Embodiment 7 (revision test)
By in embodiment 1 from the isolated Al of reaction product
2(SO
4)
3catalyzer deionized water rinsing suction filtration, rinses 3 times, dries, cooling.The Al reclaimed
2(SO
4)
3catalyzer 3.8g, adds fresh Al
2(SO
4)
3catalyzer 0.2g (5% of raw catalyst weight) adds up to 4g, it is dried 3h at 100 DEG C, and add 10g methylal and 40g trioxymethylene puts into 100mL autoclave, passing into nitrogen pressure is 1MPa, control temperature 110 DEG C, whole reaction heated and stirred 3h, leaves standstill and is cooled to normal temperature, catalyzer is removed in centrifugation, carries out gas chromatographic analysis to product.After having reacted, above step repeats 5 times again, carries out 6 repeated experiments altogether.

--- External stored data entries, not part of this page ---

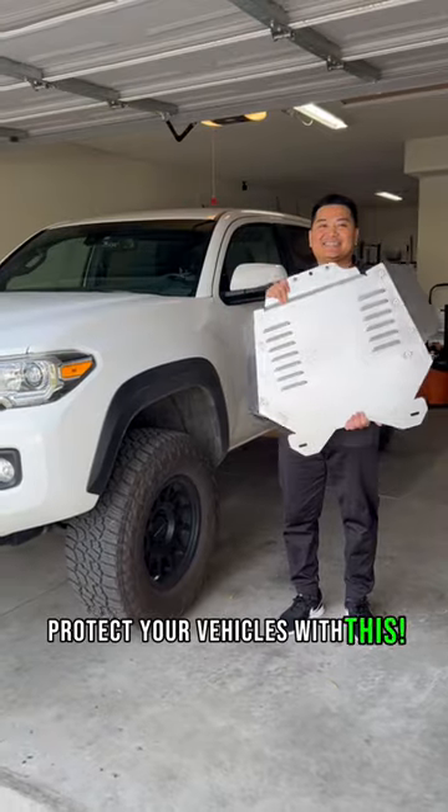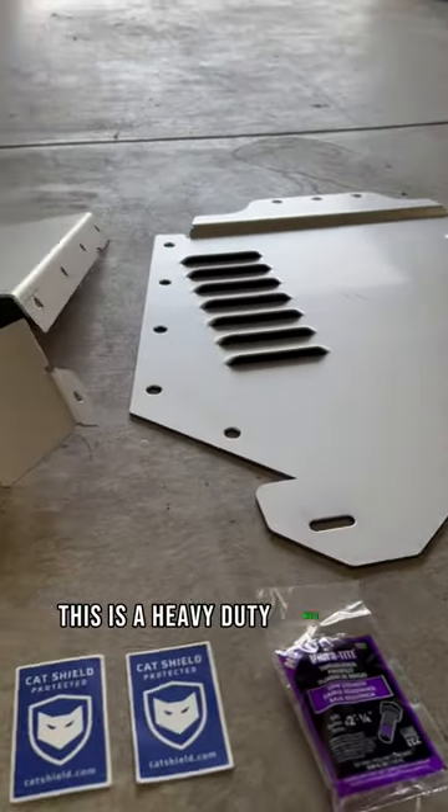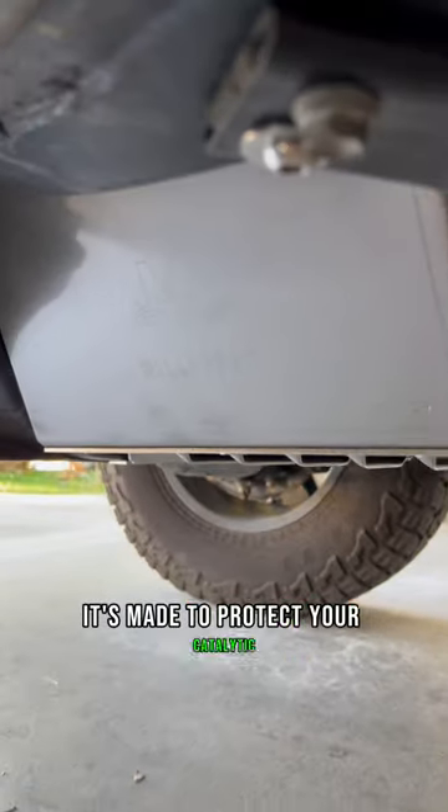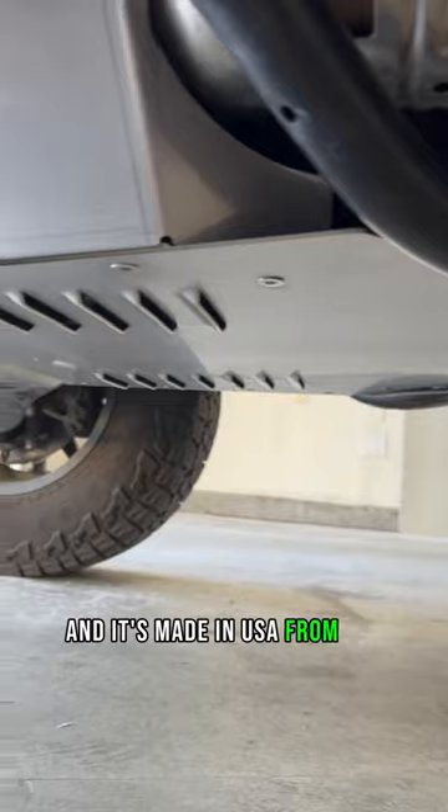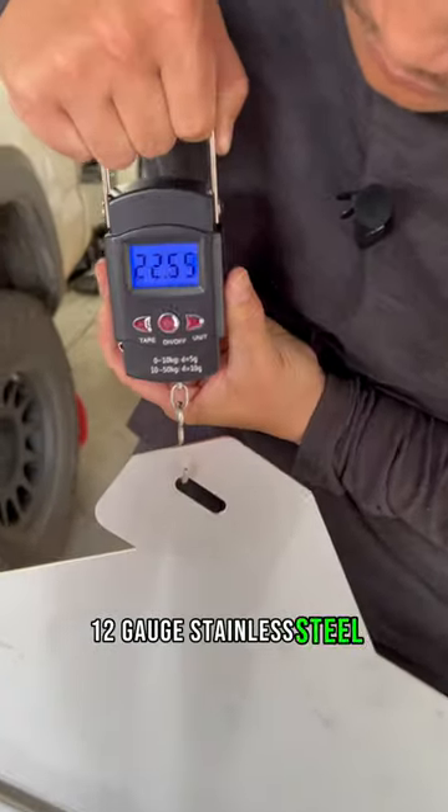Protect your vehicles with this. This is a heavy-duty Miller CAT shield. It's made to protect your catalytic converters from thieves, and it's made in the USA from 304 12-gauge stainless steel.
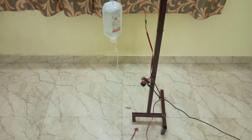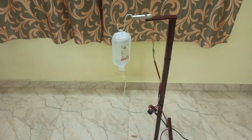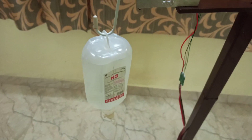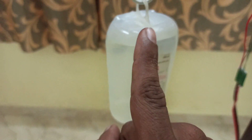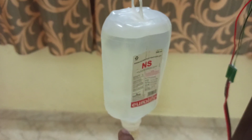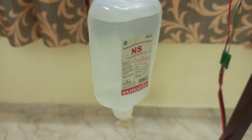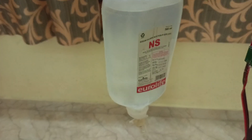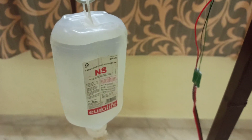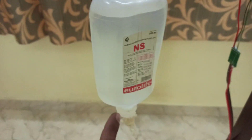Hi everyone, today's project is a drips monitoring system. I'll tell you why we need this project. Assume the glucose in the bottle gets empty — then there will be a vacuum, so the blood from the patient will come back through this tube and enter into this bottle. To avoid this, I have developed this project.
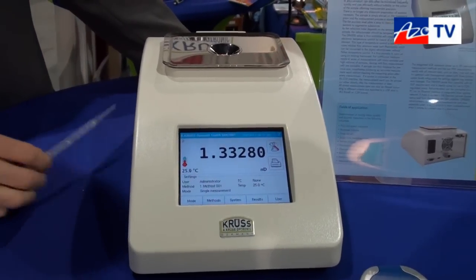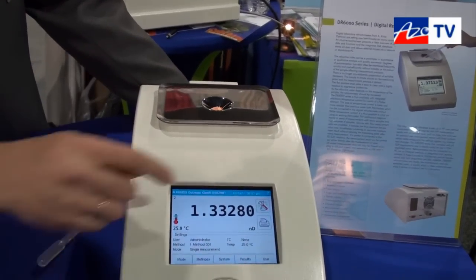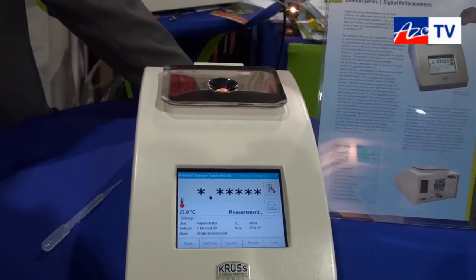Measurement is very easy to use. You need only a sample here — just a drop — push here and the measurement will start automatically.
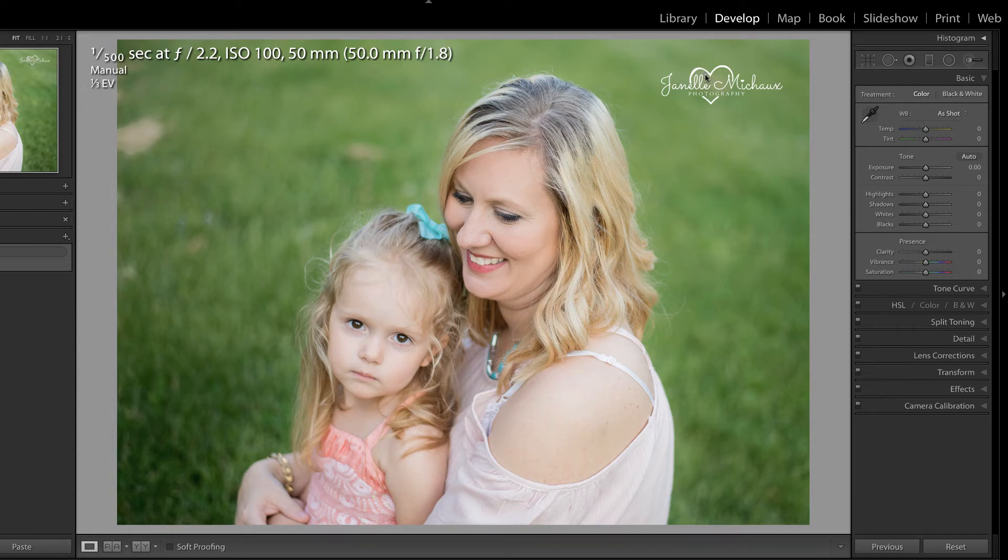Hi everyone, this is Heather from the Flourish Academy, where our goal is to empower, educate, and elevate you to create a life that you love through the art and business of photography.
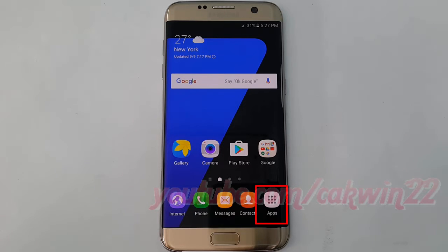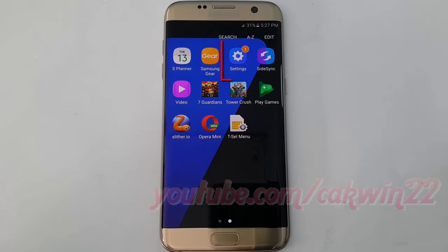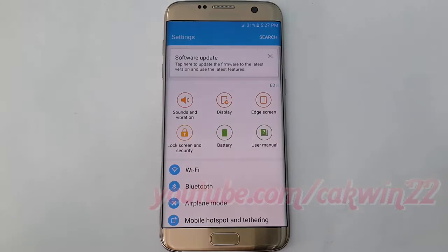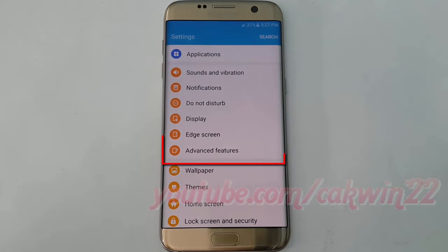Tap Apps. Tap Settings. Scroll down. Tap Advanced Features.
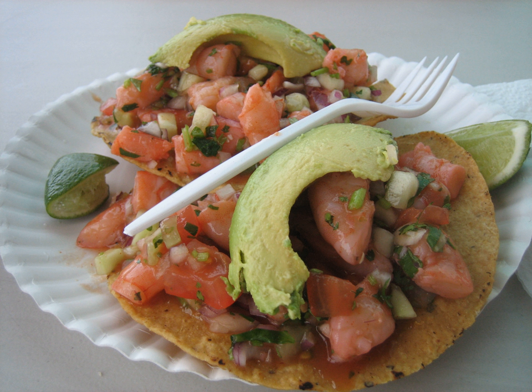Tostada usually refers to a flat or bowl-shaped tortilla that is deep fried or toasted. It may also refer to any dish using a tostada as a base. It can be consumed alone or used as a base for other foods. Corn tortillas are usually used for tostadas, although tostadas made of wheat flour may occasionally be found.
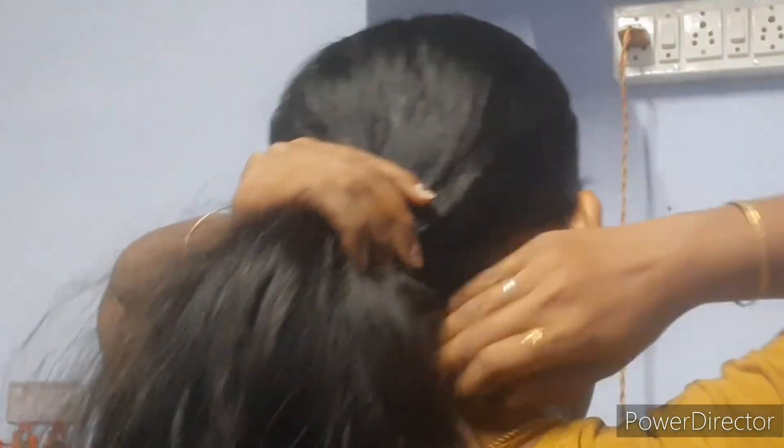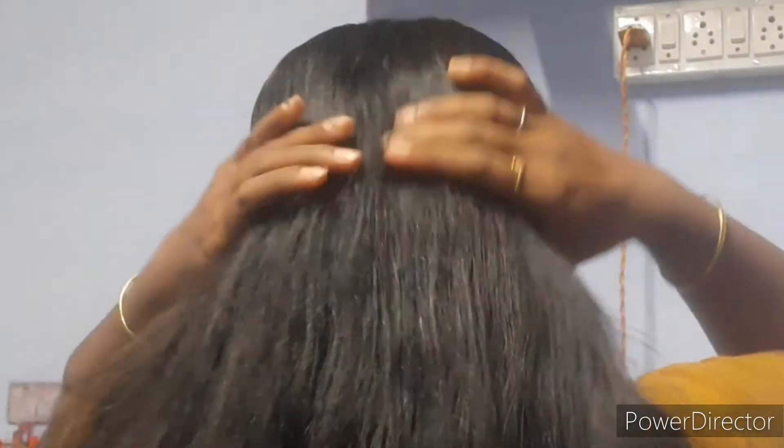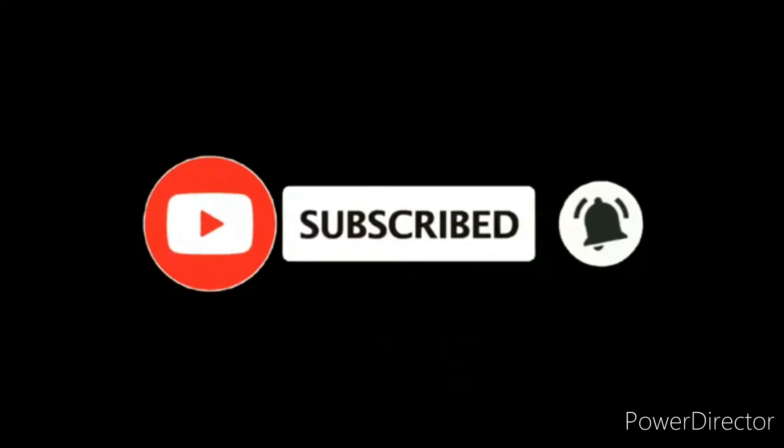If you look at the hair wash, you can see the results. You can cure it and control hair fall. You can use it and see results. You can try it over 3 months. You can also try it and leave a comment. This video is very interesting. Thank you for watching.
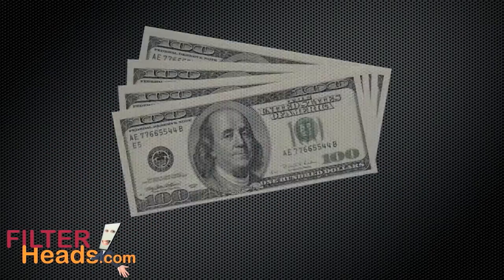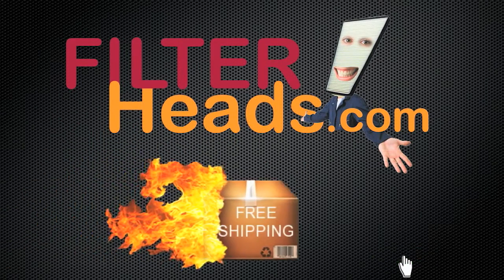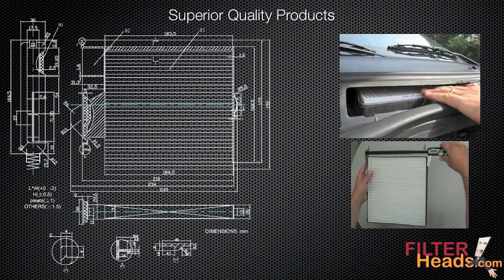Why pay someone else to replace a cabin filter in your vehicle when you could purchase one from Filterheads.com and do it yourself? When you purchase a filter from us, you get a superior quality cabin filter that is engineered to fit and function exactly like the original filter. Our instructional video is made to give you the confidence you need to do the job correctly.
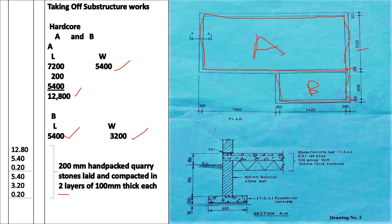That is how we take off the quantities. If you want to get the volume of hardcore needed, take the length, the width, and the depth, then multiply to get your volume — same for section B: length times width times depth gives your volume. Thank you for your time. Until next time, bye bye.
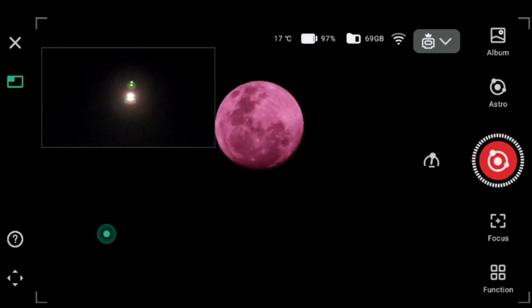Once you have opened your Dwarf Lab app, you want to tilt the Dwarf 3 to the moon — this makes the alignment process much easier to deal with. Right now there are two screens: one is a wide angle and one is the telescope. We want to select the telescope one and align that with the moon, which is just below the crosshair.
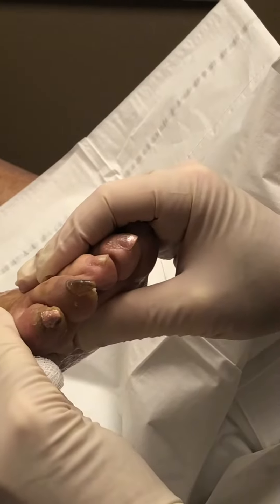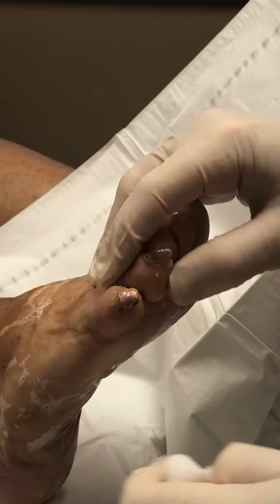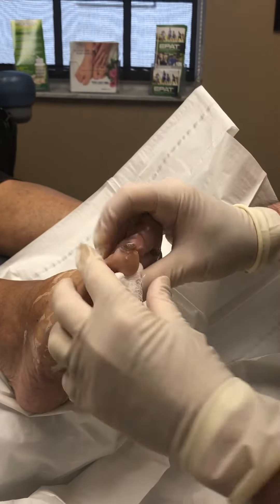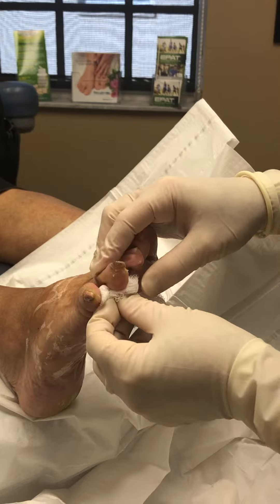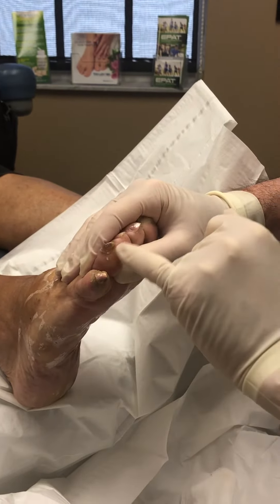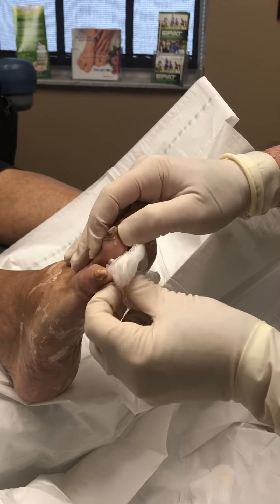It's definitely a lot straighter now, not as rotated up underneath. This toe has had previous surgery, so I believe this is the optimal result. We will splint the toe in position, and I believe the patient will have a much straighter toe with less pressure on the tip, therefore reducing the callus and pressure against the other toe as well.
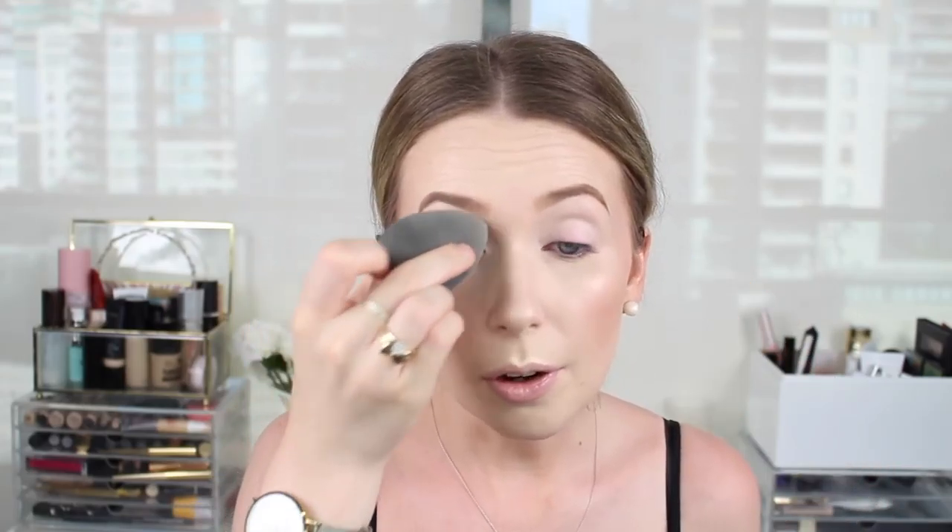Moving on to eyes - I'm going in with the NARS Smudge Proof Eyeshadow Base, the Pro Prime, because it's in my project pan. I never really use eye primer since I don't really need it, so this isn't something I'd repurchase. It is a very good primer though. I'm going over the top with a little bit of setting powder to lock it in place.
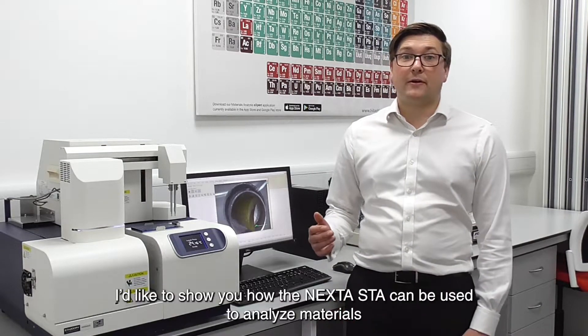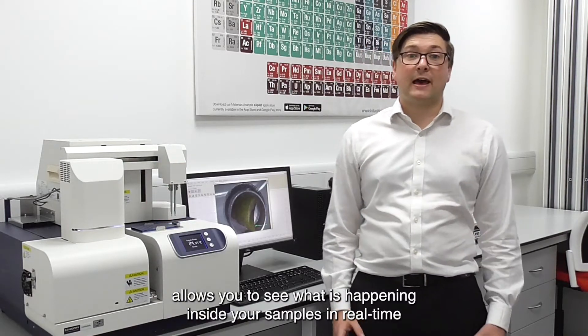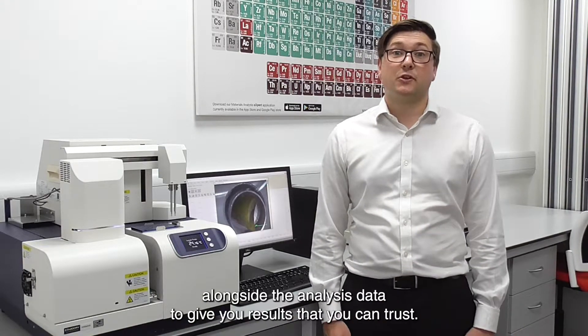I'd like to show you how the Nexter STA can be used to analyse materials, and how our unique real view camera allows you to see what is happening inside your sample in real time alongside the analysis data, to give you results that you can trust.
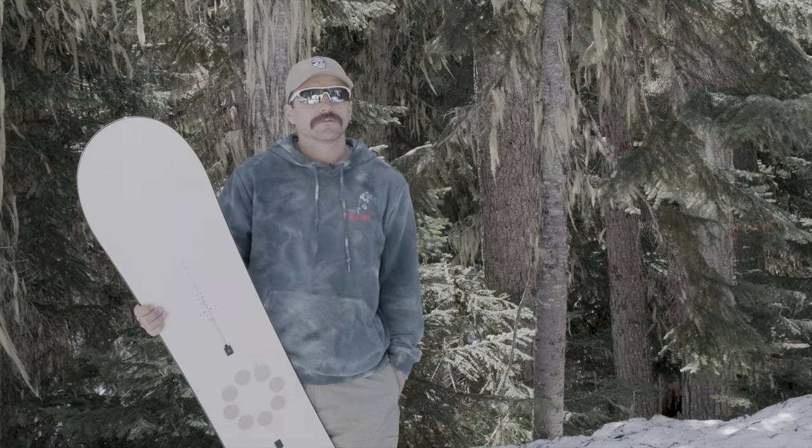In this episode of What's Good, we check out the 2024 Burton Grill Master snowboard. This thing really is the all-mountain killer.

Embodiment 8 (revision test)
By in embodiment 4 from the isolated Fe of reaction product
2(SO
4)
3and MnSO
4catalyzer deionized water rinsing suction filtration, rinses 3 times, dries, cooling.The Fe reclaimed
2(SO
4)
3and MnSO
4catalyzer 3.8g, adds fresh Fe
2(SO
4)
3and MnSO
4the each 0.1g of catalyzer (5% of raw catalyst weight) adds up to 4g, it is dried 5h at 130 DEG C, add 10g methylal and 20g trioxymethylene puts into 100mL autoclave, passing into nitrogen pressure is 2MPa, control temperature 120 DEG C, whole reaction heated and stirred 3h, leaves standstill and is cooled to normal temperature, catalyzer is removed in centrifugation, carries out gas chromatographic analysis to product.Repeat above step 5 time again after having reacted, carry out 6 repeated experiments altogether.
Claims (8)
1. one kind catalyzes and synthesizes the method for polyoxymethylene dimethyl ether based on metal salt catalyst; it is characterized in that: described synthetic method is; paraformaldehyde and methylal is added in autoclave; and using a kind of metal-salt or various metals salt composite as catalyzer; pass into nitrogen protection; under agitation heating is reacted, and removes catalyzer, obtain polyoxymethylene dimethyl ether after having reacted to reaction product centrifugation.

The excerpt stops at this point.